[squeak-dev] Re: [Pharo-project] Are Objects really hard?

Frank Shearar frank.shearar at gmail.com
Mon Feb 13 09:58:00 UTC 2012

2012/2/13 Göran Krampe <goran at krampe.se>:
> Hi all Smalltalkers!
> Only cross posting to squeak and pharo (communities I know), because this
> turned into a long post. But try reading it - I hope it is both fun and
> perhaps interesting. :)
> On 02/11/2012 01:21 PM, Janko Mivšek wrote:
>> Hi guys,
>> Again one interesting topic for this weekend to discuss. David Nolen, a
>> Lisp and JavaScript guy posted in his blog an article titled Illiterate
>> Programming [1] where he said:
>> "...Yet I think Smalltalk still fundamentally failed (remember this is a
>> programming language originally designed to scale from children to
>> adults) because *Objects are really hard* and no-one really understands
>> to this day how to do them right...."
> As Hernan pointed out - it is programming that is hard, not *objects* per
> se. While that is true, one can of course still reflect on the aspects of OO
> and why people *perceive* it as hard.
> SIDENOTE: As Milan wrote later in the thread - the patterns movement that
> Kent Beck started together with the Gang of Four led to the creation of TONS
> of books fully packed with OO designs in various domains.

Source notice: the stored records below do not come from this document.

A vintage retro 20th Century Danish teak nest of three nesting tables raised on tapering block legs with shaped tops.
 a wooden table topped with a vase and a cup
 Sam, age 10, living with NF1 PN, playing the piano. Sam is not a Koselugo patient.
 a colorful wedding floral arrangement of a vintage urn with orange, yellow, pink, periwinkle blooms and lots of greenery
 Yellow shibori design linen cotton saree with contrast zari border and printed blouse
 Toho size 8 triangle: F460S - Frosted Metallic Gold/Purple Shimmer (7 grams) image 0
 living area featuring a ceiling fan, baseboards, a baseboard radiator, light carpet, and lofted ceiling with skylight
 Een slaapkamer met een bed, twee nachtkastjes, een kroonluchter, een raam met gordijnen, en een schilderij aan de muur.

So yes, there is
> an *abundance* of books on OO design to find *iff* one goes looking for it.
>> He links to Alan Kay post [2] back in 1998 where he talks about problems
>> with inheritance:
>> "Here are a few problems in the naive inheritance systems we use today:
>> confusions of Taxonomy and Parentage, of Specialization and Refinement,
>> of Parts and Wholes, of Semantics and Pragmatics..."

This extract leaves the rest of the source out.